ACTIVITY
Output only the lines below from the one holding "12 Gillespie Rd, Bloomfield, NJ 07003" down to the one holding "Pull en maille", both end lines included and every picture dropped.

DATASET RECORDS
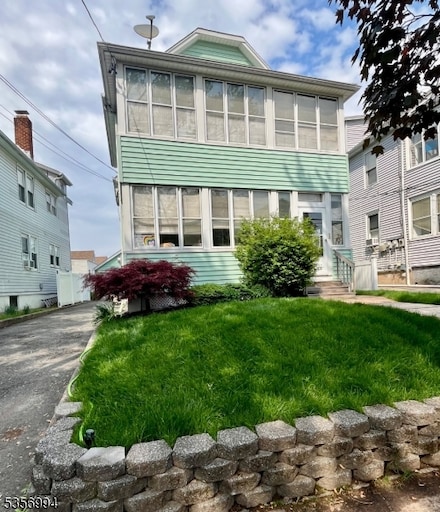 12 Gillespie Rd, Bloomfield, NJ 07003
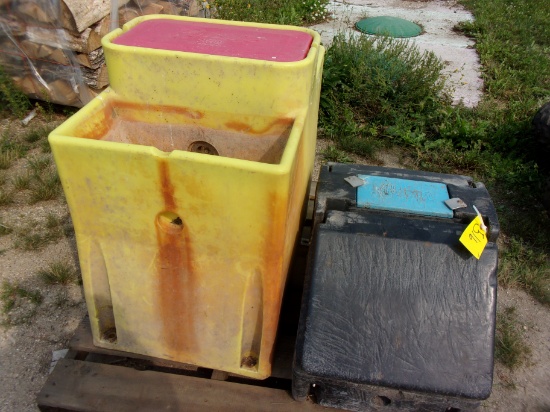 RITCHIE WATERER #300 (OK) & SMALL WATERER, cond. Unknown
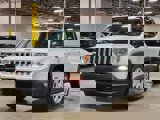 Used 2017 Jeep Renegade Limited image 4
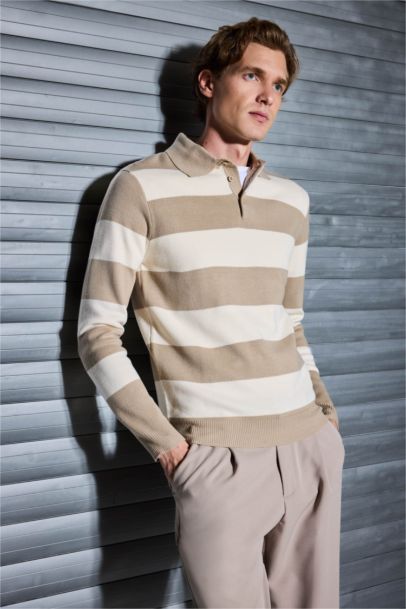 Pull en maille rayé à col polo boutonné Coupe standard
...
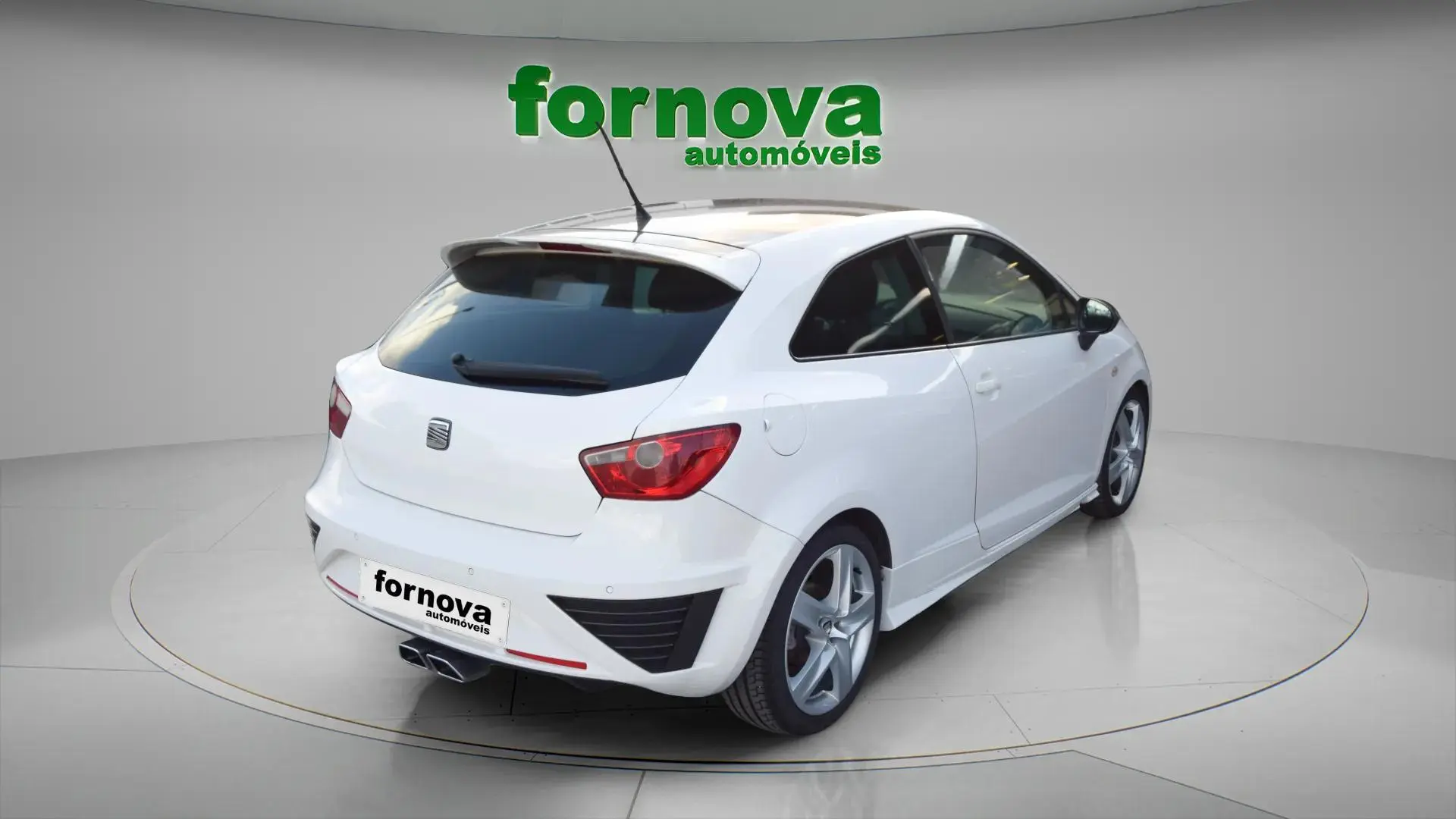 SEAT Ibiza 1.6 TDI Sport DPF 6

WRITTEN SOLUTION
 12 Gillespie Rd, Bloomfield, NJ 07003
 RITCHIE WATERER #300 (OK) & SMALL WATERER, cond. Unknown
 Used 2017 Jeep Renegade Limited image 4
 Pull en maille rayé à col polo boutonné Coupe standard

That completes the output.